■ **The task**
Search the records for the string "Jeep", then copy each line where it appears.

Start of Records supplied

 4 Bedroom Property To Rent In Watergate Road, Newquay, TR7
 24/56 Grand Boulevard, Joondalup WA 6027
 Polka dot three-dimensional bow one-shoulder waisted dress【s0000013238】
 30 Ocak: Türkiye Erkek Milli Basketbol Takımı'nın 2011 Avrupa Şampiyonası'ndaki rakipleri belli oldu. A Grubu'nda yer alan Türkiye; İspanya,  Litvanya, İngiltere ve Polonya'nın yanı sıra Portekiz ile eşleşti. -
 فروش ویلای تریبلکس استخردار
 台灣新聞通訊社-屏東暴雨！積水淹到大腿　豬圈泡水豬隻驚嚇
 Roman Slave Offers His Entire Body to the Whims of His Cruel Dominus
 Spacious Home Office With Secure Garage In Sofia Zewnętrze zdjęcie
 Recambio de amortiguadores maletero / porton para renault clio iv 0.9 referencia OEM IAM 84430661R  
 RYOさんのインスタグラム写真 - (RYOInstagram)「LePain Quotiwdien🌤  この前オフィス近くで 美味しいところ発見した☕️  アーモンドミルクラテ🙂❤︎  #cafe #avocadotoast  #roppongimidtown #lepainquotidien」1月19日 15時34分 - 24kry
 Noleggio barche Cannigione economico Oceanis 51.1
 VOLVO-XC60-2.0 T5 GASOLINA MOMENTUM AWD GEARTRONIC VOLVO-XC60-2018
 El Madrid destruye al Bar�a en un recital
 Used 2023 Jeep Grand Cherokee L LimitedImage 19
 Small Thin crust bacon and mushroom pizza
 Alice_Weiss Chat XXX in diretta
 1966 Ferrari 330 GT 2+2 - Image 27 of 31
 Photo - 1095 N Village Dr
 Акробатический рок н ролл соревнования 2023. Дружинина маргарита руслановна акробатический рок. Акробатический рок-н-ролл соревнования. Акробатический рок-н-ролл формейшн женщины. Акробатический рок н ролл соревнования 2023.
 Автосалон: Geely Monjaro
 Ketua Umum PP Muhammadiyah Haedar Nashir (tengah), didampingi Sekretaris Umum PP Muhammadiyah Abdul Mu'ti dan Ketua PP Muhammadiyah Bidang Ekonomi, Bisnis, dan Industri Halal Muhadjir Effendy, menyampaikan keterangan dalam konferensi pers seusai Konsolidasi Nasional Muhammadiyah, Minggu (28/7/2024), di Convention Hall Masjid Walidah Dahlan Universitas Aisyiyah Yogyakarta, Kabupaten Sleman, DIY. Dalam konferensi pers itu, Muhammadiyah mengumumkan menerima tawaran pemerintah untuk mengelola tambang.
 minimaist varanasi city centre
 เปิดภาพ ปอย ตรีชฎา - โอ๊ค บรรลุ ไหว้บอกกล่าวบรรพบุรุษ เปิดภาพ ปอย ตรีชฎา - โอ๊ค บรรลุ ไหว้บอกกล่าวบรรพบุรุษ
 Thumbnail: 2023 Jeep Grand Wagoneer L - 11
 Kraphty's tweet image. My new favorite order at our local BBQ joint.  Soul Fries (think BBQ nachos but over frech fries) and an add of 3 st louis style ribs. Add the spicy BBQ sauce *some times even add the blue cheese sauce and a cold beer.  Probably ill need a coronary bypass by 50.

End of Records supplied

■ **Exercise solution**
 Used 2023 Jeep Grand Cherokee L LimitedImage 19
 Thumbnail: 2023 Jeep Grand Wagoneer L - 11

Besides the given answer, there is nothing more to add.